▶ Provided entries
○ ○ ○ ○
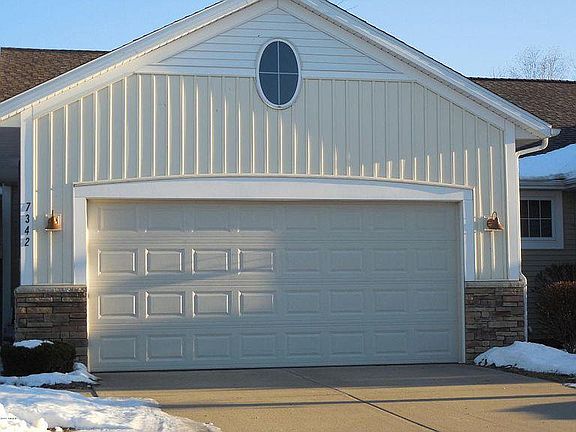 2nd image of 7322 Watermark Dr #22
○ ○ ○ ○
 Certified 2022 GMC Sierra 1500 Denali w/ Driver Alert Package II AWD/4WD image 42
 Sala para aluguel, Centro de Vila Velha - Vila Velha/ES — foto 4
○ ○ ○ ○
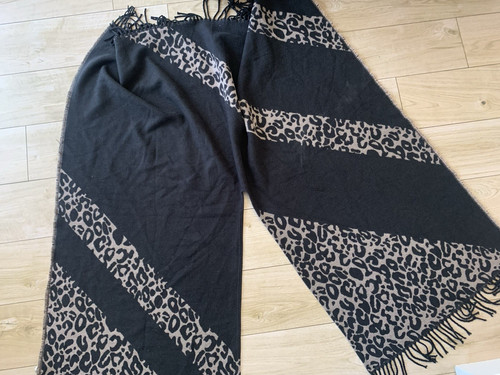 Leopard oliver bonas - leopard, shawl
○ ○ ○ ○
Every line above from the line with "Certified 2022 GMC" to the line with "Sala para aluguel, Centro", inclusive, must be returned exactly; no other line belongs in the reply.

▶ The completed task
 Certified 2022 GMC Sierra 1500 Denali w/ Driver Alert Package II AWD/4WD image 42
 Sala para aluguel, Centro de Vila Velha - Vila Velha/ES — foto 4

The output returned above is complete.